Operation Vengeance
The Operation Vengeance ( English for revenge was) one of the Americans during the Pacific War run business on the Solomon Islands . It took place on April 18, 1943 and resulted in the death of the Japanese admiral Yamamoto Isoroku .
Yamamoto was considered by the Americans to be the admiral responsible for the attack on Pearl Harbor on December 7, 1941. When the Americans became aware of the admiral's inspection trip to Bougainville through the interception and decoding of a Japanese radio message at all times, the Admirals Chester W decided Nimitz and William F. Halsey to carry out an attack on Yamamoto. A season long range fighter that of Henderson Field on Guadalcanal began, explained the plan and shot the bomber with Japanese Admiral aboard near the airfield of Buin from. With Yamamoto, two rear admirals, his secretary and the pilot of the machine died.
The radio message
The Commander-in-Chief of the Imperial Japanese Navy , Admiral Yamamoto, decided to undertake an inspection trip to bases on the Solomon Islands and Bougainville in order to raise the morale of the troops after the defeat at the Battle of Guadalcanal and to thank the airmen deployed in Operation I. On April 14, 1943, the American naval intelligence service with the code name "Magic" intercepted a radio message with the details of the planning and decoded it.

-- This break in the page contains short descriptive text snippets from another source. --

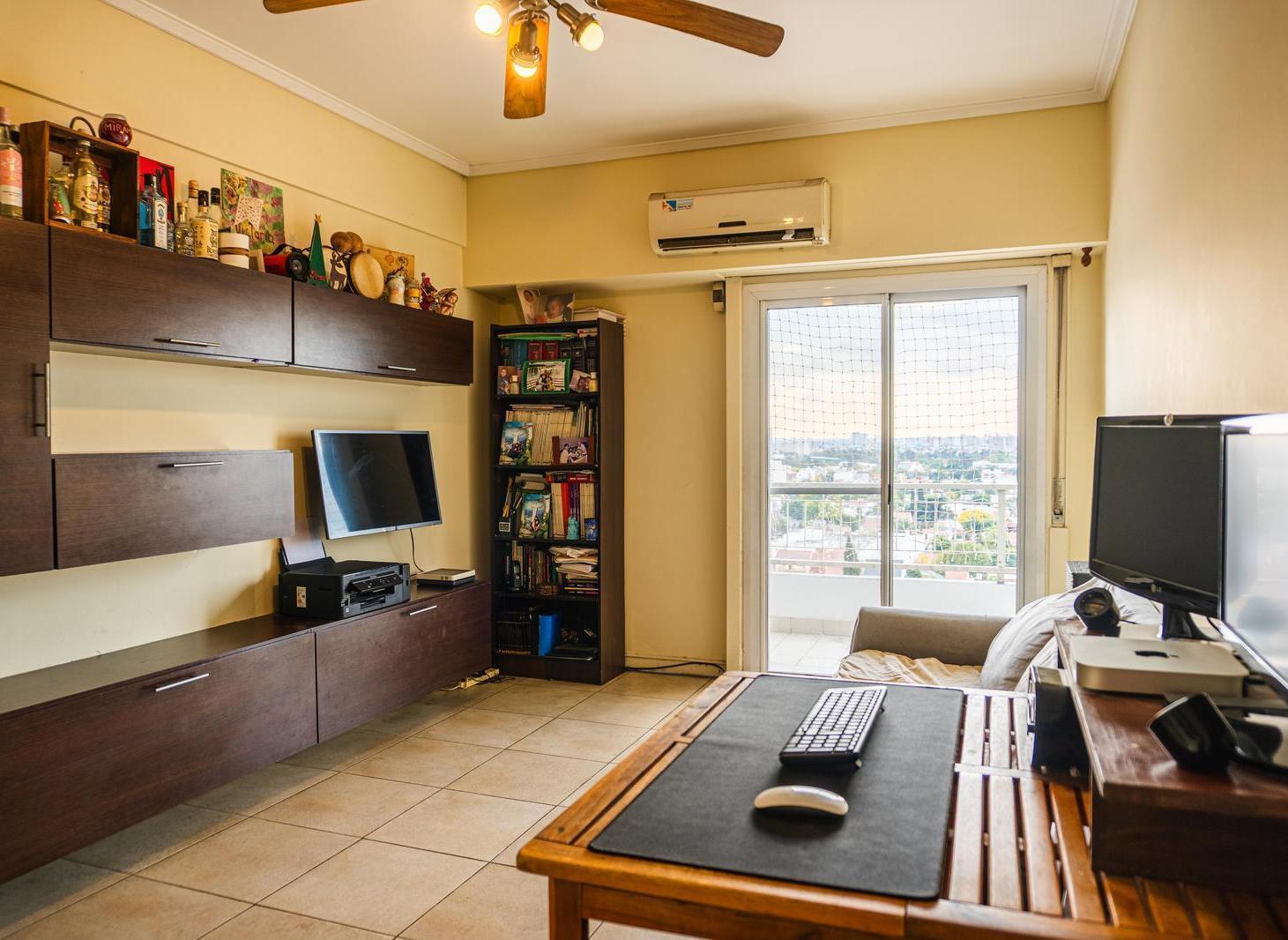 Departamento de tres ambientes en venta - Wilde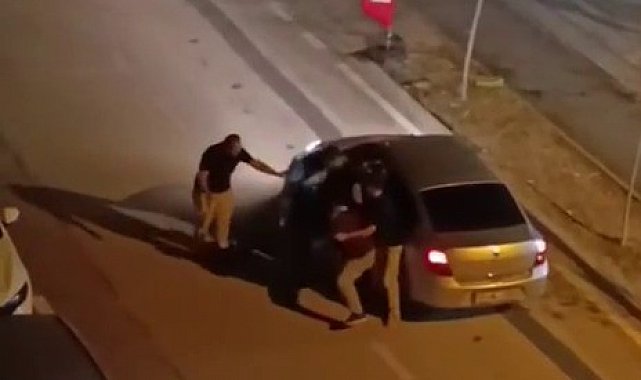 Yolunu kestikleri sürücüyü araçta darp ettiler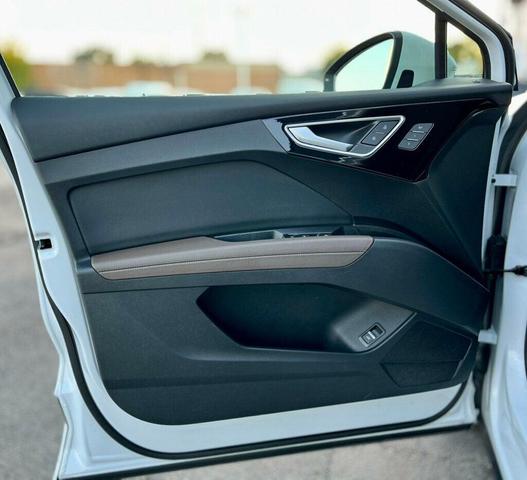 Photo of 2024 Glacier White Metallic Audi Q4 e-tron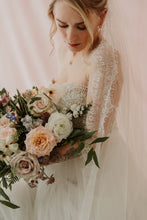 Load image into Gallery viewer, Delphine long lace edged veil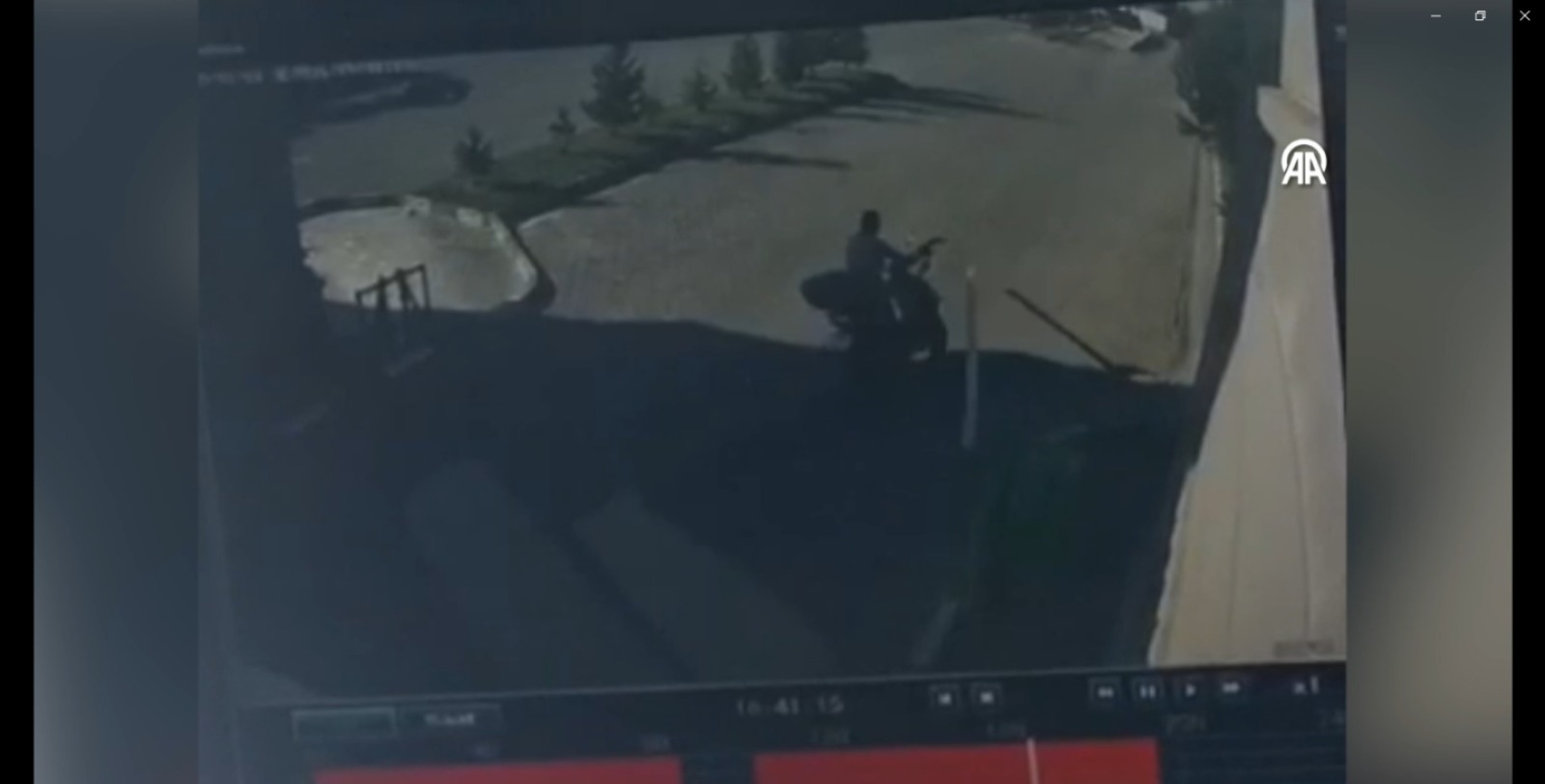 Motosikletin bariyere çarptığı anlar güvenlik kamerasında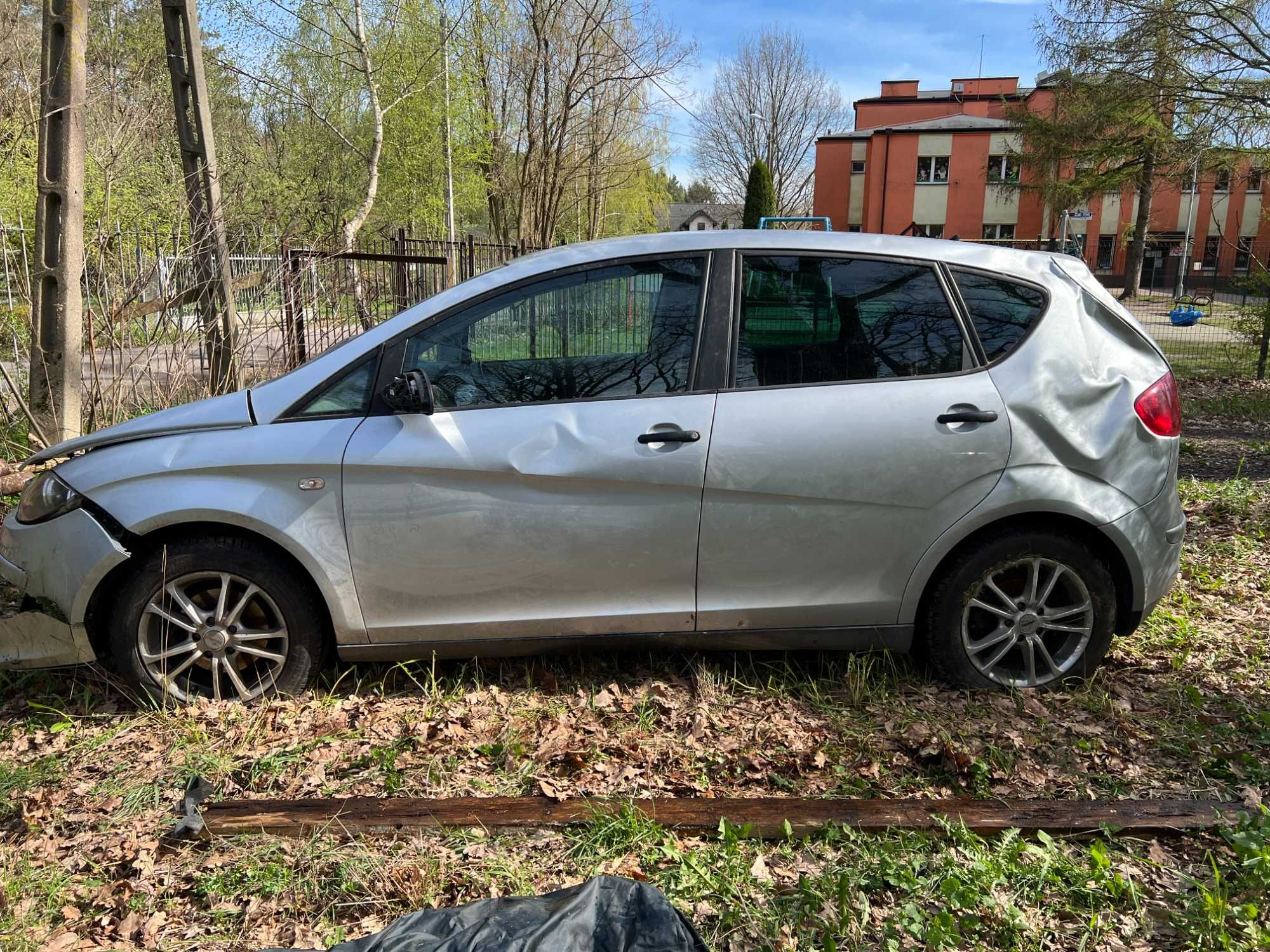 Seat Altea po wypadku na części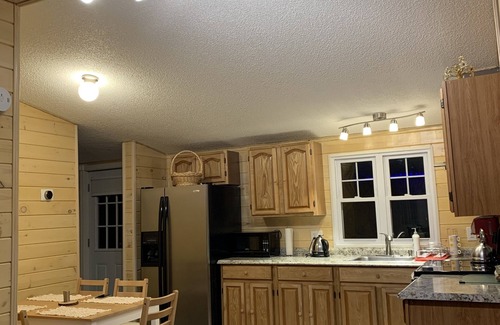 Oliverea House | Upstate getaway!Jacuzzi,pool table,Casino,Ski!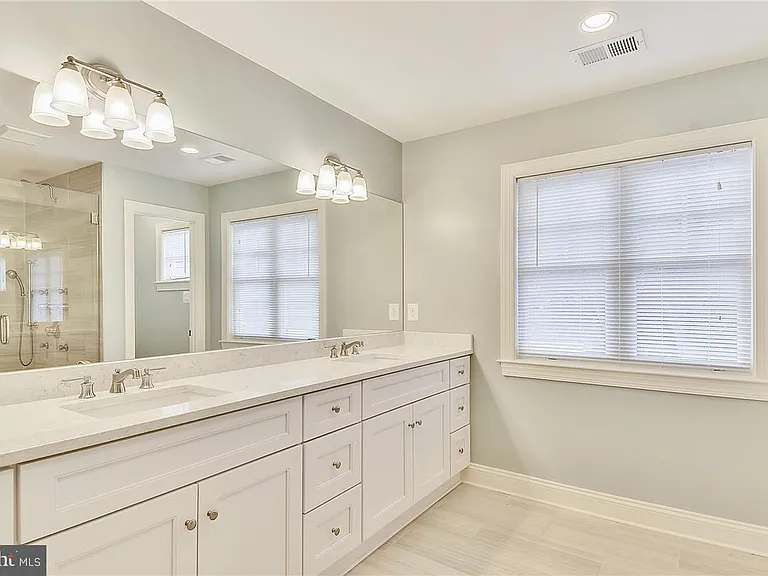 2205 N Edison St — Photo 15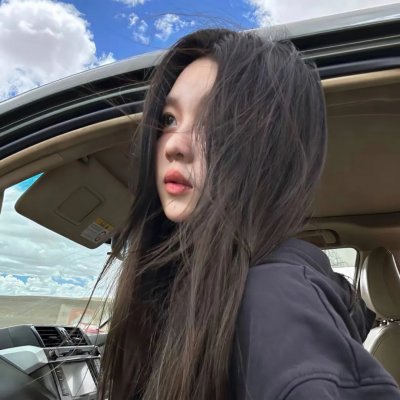 冰属性男子与酷酷女同事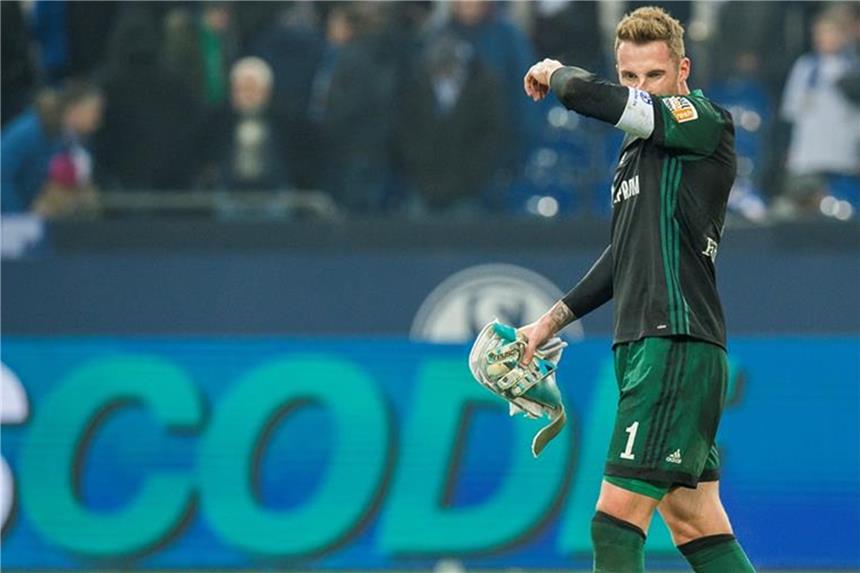 Fährmann nach Patzer: Kann mich nur entschuldigen Sonst so zuverlässig, gegen Bremen aber schwach: Schalkes Torwart Ralf Fährmann.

The original message NTF131755 was addressed to the headquarters of the Japanese 11th and 26th Air Fleets and was encoded with the key JN-25D. Three "Magic" listening stations in the USA, including those of the Pacific Fleet , intercepted the radio message. In it there was talk of a planned inspection trip of the admiral to three front bases in the area around Bougainville. The arrival and departure times at the bases were just as much part of the radio message as the number and types of aircraft used. The flight was scheduled for April 18th.
The message, decrypted overnight by Major Alva Lasswell, was first delivered to Admiral Chester W. Nimitz. At the beginning of his deliberations, he asked himself whether any of the possible successors of Yamamoto would be better suited for this post than Yamamoto himself. Nimitz had already stressed several times that Yamamoto represented the greatest danger to him. He agreed with his staff that there was no other high-ranking Japanese officer who could match him in strategic and tactical brilliance, as well as his popularity with the military and the people. Yamamoto's death would undoubtedly mark a severe cut in morale and fighting power for the Japanese.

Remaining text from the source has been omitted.